Backup stopped working !! Slave_SQL_Running: No

systemali · October 8, 2013, 3:19am

Hello everyone,

My latest issues are just piling up and i am not able to get them all sorted

To add to my chaos, now my backup server too is giving me issues.

When i run the command :-

TheSlave|mysql> SHOW SLAVE STATUS \G
...
Slave_IO_Running: Yes
Slave_SQL_Running: No

see that "Slave_SQL_Running" is “NO” !!

i tried to stop and start the replication service, but in vein

My log files are throwing up this error :-


tail -f /var/log/messages

Oct 8 13:32:37 DatabackupSRV xinetd[3396]: EXIT: nrpe status=0 pid=3295 duration=0(sec)
Oct 8 13:34:19 DatabackupSRV xinetd[3396]: START: nrpe pid=3300 from=10.222.32.22
Oct 8 13:34:19 DatabackupSRV xinetd[3396]: EXIT: nrpe status=0 pid=3300 duration=0(sec)
Oct 8 13:34:29 DatabackupSRV xinetd[3396]: START: nrpe pid=3305 from=10.222.32.22
Oct 8 13:34:29 DatabackupSRV xinetd[3396]: EXIT: nrpe status=0 pid=3305 duration=0(sec)

It was working all this while, But i guess the recent start / stop of mysql services and the server of the master is causing this issue.

Any suggestions to rectify this would be of great help.

Thank you

systemali · October 8, 2013, 3:28am

Thought for a moment and decided why not post the whole output of the command : SHOW SLAVE STATUS \G

mysql> SHOW SLAVE STATUS \G
*************************** 1. row ***************************
Slave_IO_State: Waiting for master to send event
Master_Host: 10.222.1.218
Master_User: root
Master_Port: 3306
Connect_Retry: 60
Master_Log_File: newcrmdb1-bin.000061
Read_Master_Log_Pos: 315098143
Relay_Log_File: DatabackupSRV-relay-bin.000088
Relay_Log_Pos: 667796113
Relay_Master_Log_File: newcrmdb1-bin.000054
Slave_IO_Running: Yes
Slave_SQL_Running: No
Replicate_Do_DB:
Replicate_Ignore_DB:
Replicate_Do_Table:
Replicate_Ignore_Table:
Replicate_Wild_Do_Table:
Replicate_Wild_Ignore_Table:
Last_Errno: 1146
Last_Error: Error 'Table 'asteriskcdr.bpleadcf' doesn't exist' on query.
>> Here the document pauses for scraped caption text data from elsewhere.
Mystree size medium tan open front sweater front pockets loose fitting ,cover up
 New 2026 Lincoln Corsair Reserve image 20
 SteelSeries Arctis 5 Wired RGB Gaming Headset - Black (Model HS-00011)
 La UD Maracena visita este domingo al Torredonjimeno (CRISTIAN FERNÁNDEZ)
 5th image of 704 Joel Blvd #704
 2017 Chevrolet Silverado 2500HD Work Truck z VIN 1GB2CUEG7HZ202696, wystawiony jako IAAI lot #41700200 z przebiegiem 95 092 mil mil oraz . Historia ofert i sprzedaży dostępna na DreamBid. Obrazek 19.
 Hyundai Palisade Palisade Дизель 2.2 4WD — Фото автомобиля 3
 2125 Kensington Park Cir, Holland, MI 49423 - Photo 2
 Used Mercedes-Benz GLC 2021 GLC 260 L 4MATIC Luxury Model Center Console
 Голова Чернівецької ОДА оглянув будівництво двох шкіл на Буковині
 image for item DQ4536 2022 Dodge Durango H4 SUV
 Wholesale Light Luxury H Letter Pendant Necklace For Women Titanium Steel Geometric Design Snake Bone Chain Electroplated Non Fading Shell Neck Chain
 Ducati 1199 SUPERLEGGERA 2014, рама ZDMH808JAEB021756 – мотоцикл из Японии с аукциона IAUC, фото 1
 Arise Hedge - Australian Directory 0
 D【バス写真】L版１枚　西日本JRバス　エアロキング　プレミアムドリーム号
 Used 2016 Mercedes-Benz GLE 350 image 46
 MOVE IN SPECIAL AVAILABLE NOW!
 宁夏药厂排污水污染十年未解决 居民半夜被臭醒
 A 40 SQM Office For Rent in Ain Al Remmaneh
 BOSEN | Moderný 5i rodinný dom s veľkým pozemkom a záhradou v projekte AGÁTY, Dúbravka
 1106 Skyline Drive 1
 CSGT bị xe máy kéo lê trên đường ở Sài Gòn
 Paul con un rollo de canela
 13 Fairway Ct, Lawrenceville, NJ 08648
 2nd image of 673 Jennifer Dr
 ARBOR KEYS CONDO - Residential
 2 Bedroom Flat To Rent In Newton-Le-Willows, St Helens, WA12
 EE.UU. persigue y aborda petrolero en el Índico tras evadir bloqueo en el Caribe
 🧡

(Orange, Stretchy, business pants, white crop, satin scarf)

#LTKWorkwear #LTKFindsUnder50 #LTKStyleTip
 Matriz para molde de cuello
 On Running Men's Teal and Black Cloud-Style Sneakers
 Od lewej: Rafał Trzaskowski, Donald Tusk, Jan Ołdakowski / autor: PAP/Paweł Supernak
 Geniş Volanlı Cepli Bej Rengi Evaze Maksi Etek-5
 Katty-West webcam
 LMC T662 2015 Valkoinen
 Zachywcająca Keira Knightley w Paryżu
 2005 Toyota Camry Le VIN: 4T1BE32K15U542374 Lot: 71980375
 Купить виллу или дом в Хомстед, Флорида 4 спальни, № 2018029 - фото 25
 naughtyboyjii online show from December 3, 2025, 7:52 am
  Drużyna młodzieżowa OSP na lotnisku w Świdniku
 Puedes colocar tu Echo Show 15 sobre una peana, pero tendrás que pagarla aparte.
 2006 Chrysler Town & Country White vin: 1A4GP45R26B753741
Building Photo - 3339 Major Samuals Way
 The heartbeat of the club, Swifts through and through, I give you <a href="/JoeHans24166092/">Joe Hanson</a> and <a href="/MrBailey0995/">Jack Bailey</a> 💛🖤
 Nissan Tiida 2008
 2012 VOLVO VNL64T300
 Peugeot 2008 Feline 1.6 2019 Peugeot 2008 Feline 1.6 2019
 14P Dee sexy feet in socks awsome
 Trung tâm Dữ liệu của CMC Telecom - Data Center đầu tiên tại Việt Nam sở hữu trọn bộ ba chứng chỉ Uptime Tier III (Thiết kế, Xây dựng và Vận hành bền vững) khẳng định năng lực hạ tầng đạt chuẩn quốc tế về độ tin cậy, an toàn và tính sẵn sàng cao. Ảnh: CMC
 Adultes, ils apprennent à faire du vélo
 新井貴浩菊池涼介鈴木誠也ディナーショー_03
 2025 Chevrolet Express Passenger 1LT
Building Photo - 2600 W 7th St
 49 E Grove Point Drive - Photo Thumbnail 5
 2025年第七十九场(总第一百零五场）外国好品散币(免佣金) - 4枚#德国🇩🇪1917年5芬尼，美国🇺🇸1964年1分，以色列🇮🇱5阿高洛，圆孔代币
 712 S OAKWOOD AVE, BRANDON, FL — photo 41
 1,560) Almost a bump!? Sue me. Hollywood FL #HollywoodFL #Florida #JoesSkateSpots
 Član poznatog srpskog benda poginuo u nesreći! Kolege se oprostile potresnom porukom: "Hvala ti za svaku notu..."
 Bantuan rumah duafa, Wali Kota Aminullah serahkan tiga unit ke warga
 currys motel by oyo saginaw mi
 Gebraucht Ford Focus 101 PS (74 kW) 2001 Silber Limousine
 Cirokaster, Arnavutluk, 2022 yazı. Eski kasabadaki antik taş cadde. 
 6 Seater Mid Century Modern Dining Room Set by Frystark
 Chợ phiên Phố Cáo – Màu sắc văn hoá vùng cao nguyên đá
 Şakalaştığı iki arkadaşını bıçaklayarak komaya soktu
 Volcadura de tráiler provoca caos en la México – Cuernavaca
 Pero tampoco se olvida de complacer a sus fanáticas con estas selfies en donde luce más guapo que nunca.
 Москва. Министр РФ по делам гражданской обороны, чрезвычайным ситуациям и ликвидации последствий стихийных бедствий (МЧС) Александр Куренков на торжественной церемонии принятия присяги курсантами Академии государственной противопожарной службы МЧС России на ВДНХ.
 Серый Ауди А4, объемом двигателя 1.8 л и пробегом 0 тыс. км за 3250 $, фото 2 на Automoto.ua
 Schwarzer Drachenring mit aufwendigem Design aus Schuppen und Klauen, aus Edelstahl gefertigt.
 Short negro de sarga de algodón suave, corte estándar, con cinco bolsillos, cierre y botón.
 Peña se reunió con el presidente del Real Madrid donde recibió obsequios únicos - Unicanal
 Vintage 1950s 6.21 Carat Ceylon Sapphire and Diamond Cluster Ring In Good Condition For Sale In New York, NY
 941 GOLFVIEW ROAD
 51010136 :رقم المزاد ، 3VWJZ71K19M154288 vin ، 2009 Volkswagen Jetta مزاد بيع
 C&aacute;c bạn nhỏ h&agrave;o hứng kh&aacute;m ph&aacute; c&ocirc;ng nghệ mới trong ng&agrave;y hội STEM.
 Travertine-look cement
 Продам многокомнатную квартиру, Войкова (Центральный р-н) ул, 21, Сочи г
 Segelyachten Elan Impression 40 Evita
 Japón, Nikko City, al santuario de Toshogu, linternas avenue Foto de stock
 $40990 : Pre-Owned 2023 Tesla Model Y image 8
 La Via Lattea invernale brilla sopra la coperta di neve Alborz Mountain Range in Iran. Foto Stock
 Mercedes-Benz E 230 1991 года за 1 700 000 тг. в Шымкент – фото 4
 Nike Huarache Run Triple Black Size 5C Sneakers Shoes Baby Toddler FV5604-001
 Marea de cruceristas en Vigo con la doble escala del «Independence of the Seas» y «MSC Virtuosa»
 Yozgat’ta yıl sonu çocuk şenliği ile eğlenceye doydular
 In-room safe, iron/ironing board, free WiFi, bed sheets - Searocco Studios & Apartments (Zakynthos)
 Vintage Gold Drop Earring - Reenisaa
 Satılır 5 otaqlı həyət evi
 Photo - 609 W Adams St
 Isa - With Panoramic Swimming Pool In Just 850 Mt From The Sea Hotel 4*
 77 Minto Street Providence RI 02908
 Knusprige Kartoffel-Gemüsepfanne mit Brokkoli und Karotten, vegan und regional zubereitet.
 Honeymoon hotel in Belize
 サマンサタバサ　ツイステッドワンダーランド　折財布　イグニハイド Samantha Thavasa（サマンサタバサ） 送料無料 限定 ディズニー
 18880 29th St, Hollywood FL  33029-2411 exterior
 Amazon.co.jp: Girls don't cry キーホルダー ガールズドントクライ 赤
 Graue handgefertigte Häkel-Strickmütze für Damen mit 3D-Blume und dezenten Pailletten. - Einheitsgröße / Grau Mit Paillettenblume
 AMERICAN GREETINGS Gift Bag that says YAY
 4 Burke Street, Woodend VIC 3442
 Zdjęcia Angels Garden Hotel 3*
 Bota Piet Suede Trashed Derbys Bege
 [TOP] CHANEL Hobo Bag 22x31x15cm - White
Default database: '
newcrmdb'. Query: 'INSERT INTO `newcrmdb`.`bpleadcf` SELECT * FROM `asteriskcdr`.`bpleadcf`'
Skip_Counter: 0
Exec_Master_Log_Pos: 667795964
Relay_Log_Space: 1134162270
Until_Condition: None
Until_Log_File:
Until_Log_Pos: 0
Master_SSL_Allowed: No
Master_SSL_CA_File:
Master_SSL_CA_Path:
Master_SSL_Cert:
Master_SSL_Cipher:
Master_SSL_Key:
Seconds_Behind_Master: NULL
Master_SSL_Verify_Server_Cert: No
Last_IO_Errno: 0
Last_IO_Error:
Last_SQL_Errno: 1146
Last_SQL_Error: Error 'Table 'asteriskcdr.bpleadcf' doesn't exist' on query. Default database: '
newcrmdb'. Query: 'INSERT INTO `newcrmdb`.`bpleadcf` SELECT * FROM `asteriskcdr`.`bpleadcf`'
1 row in set (0.00 sec)

Thank you everyone for your assistance.

systemali · October 8, 2013, 4:05am

Ahhh…

With regards to my similar post earlier, I tried to trouble shoot the issue, but in vein…

Now when i run the command :- “show slave status \G”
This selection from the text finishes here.